RECORDS TO USE below:
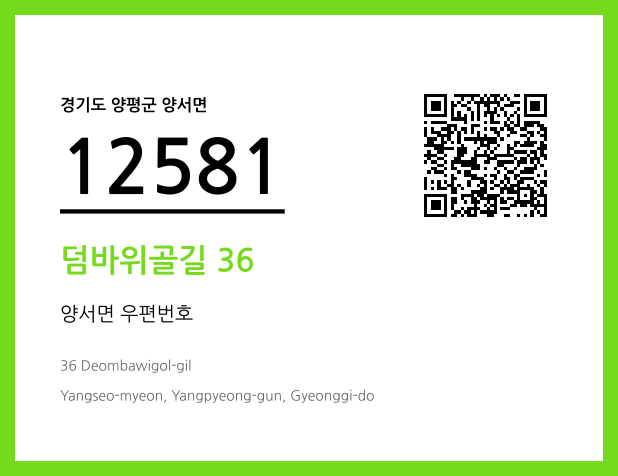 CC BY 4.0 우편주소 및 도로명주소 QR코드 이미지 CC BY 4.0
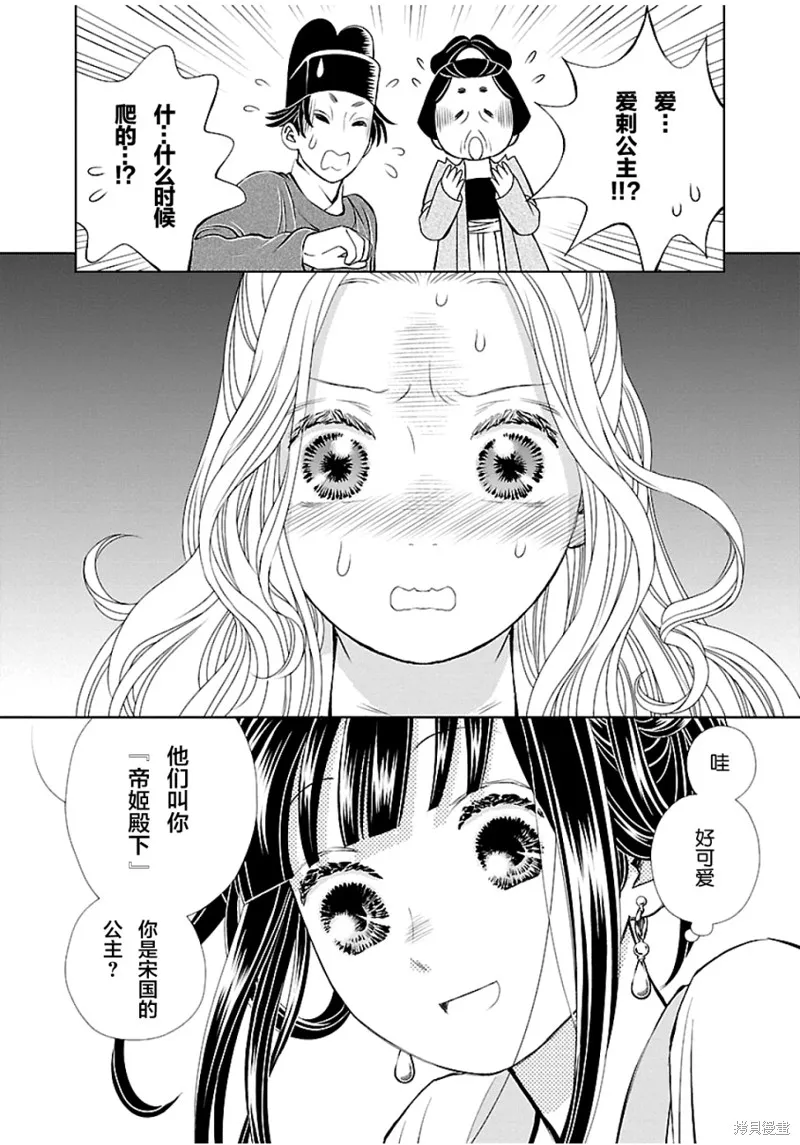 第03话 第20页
End of RECORDS TO USE.
RECORDS TO USE below:
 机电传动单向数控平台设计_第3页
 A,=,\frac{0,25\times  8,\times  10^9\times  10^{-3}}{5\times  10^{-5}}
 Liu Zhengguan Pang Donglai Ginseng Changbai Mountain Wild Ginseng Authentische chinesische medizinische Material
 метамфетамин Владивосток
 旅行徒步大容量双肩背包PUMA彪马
End of RECORDS TO USE.
Everything from the line containing "Liu Zhengguan Pang" through the line containing "旅行徒步大容量双肩背包PUMA彪马" in the material above should be retyped exactly, both ends included, and nothing more.

TASK OUTPUT:
 Liu Zhengguan Pang Donglai Ginseng Changbai Mountain Wild Ginseng Authentische chinesische medizinische Material
 метамфетамин Владивосток
 旅行徒步大容量双肩背包PUMA彪马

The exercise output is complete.